Dark Humor
I used to be into fitness. But running from my problems got exhausting.
Me and my girlfriend were walking in the woods.
Her: I am scared!
Me: What do you think I feel? I have to walk back alone.
What's another name for 9/11?
A forbidden game of Jenga.
Why do Emos always wear black like ninjas?
Because they're always cutting.
I lost my virginity to a girl with Down syndrome. I wanted my first time to be special.
Why is America bad at playing Clash of Clans?

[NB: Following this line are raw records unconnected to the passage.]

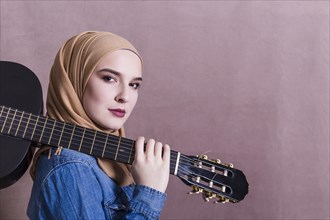 Portrait arab woman with guitar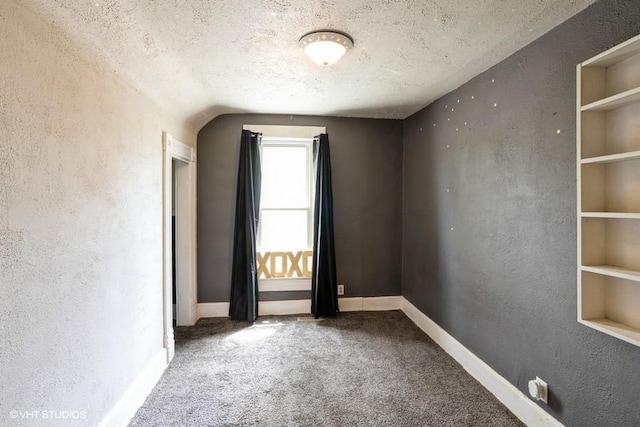 2638 Capitol Ave, Des Moines, IA 50317 - carpeted empty room featuring a textured wall and a textured ceiling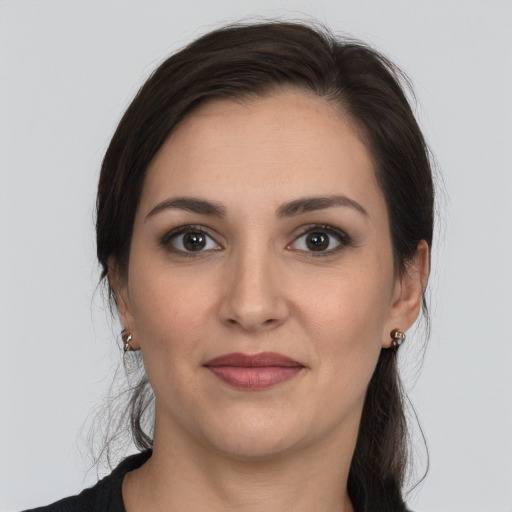 Joyful white young-adult female with medium  brown hair and brown eyes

Because they already lost two towers.
Why is the bottom of the ocean so dark?
Because the Africans couldn't swim.
What do u call an Asian that was born at the wrong time?
Wrong тайминг.
Q: Why was the 4 year old anti-vaxer crying?
A: He was in a mid-life crisis.
Q: Why are medication pills white?
A: Because they work.
If I had a dime for every time someone has told me to kill myself, I'd be a millionaire.
What's long and black?
The line to KFC.
Give a man a match, and he'll be warm for a few hours.
Set a man on fire, and he will be warm for the rest of his life.
Husband: Dammit, Alice! I'm your husband, and I'm telling you that you better stay in this kitchen if you know what's good for you!
Wife: Go to hell, Bob! I'm leaving!
Ignoring my protective advice, Alice stormed out of our underground kitchen, even though it was the safest place to be while the nuclear war still raged outside.
Dead baby jokes never get old...
How do you get a million fans?
Just run through Africa with a bottle of water.
I gave a blind kid a gun and said it was a hair dryer.
I got my daughter a trampoline for her birthday. The ungrateful bitch just sat there in her wheelchair and cried.
What did John Cena say to the blind man? "YOU CAN'T SEE ME!"
What do you call a convict in prison for touching little girls? A boy named Brandon.